**Exercise goal**
The answer must reproduce exactly the lines from the one with "2025Autumn Winter New" through the end of the material, and it must contain no pictures.

**Dataset content**
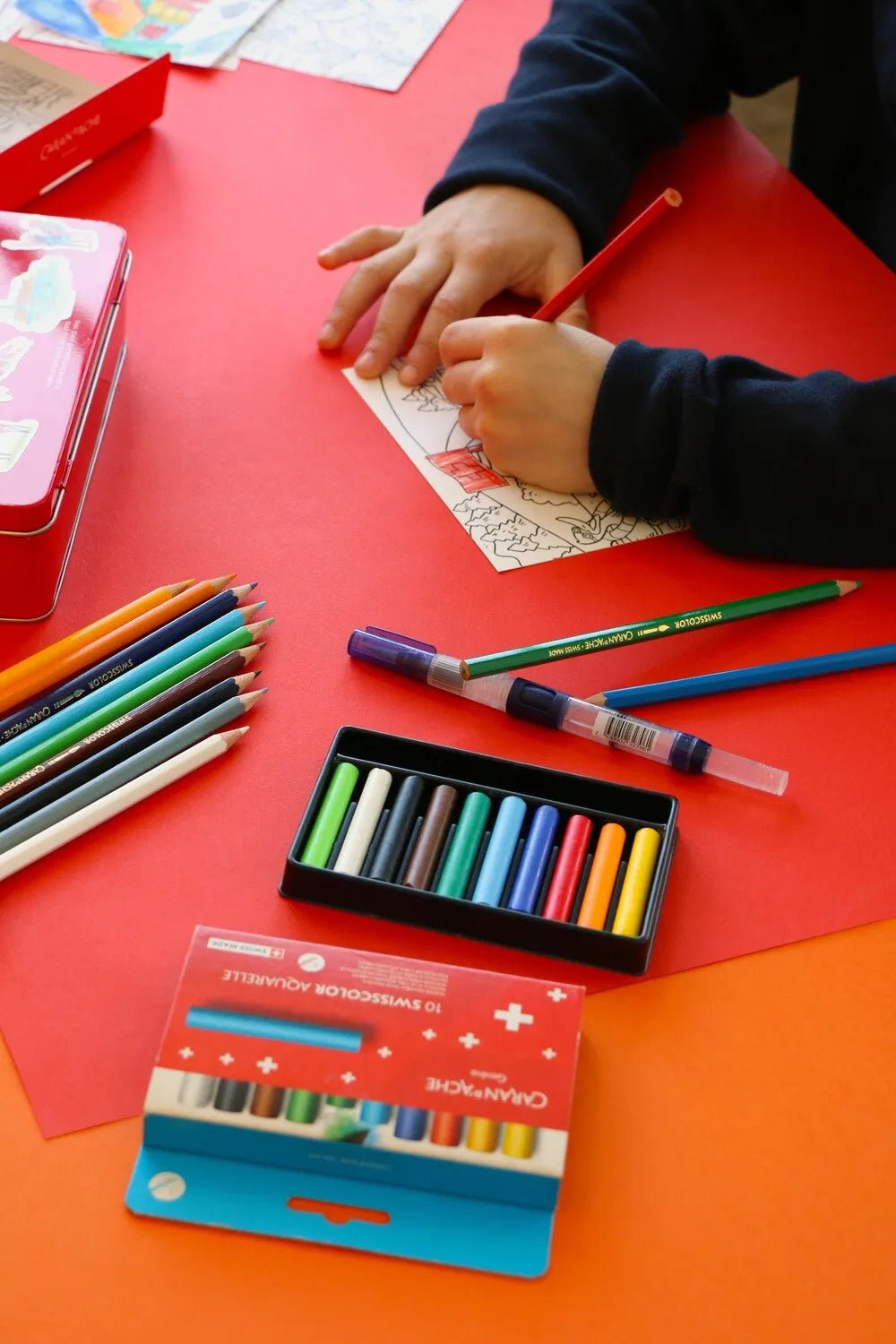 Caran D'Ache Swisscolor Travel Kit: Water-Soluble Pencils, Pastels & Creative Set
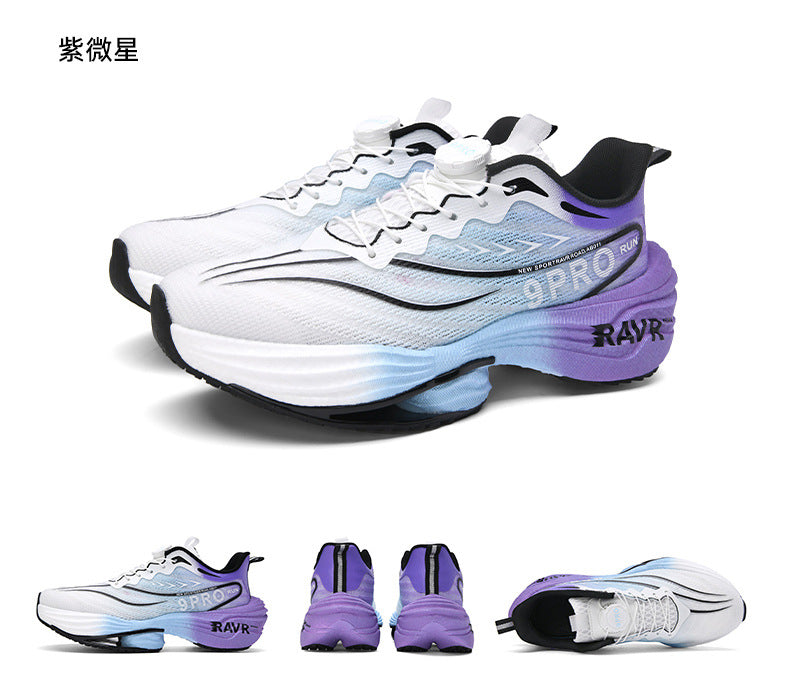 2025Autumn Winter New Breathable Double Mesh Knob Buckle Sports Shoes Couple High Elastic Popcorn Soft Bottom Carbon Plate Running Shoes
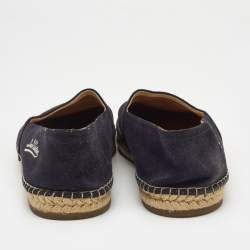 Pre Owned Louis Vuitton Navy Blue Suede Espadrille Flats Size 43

**Solved exercise**
 2025Autumn Winter New Breathable Double Mesh Knob Buckle Sports Shoes Couple High Elastic Popcorn Soft Bottom Carbon Plate Running Shoes
 Pre Owned Louis Vuitton Navy Blue Suede Espadrille Flats Size 43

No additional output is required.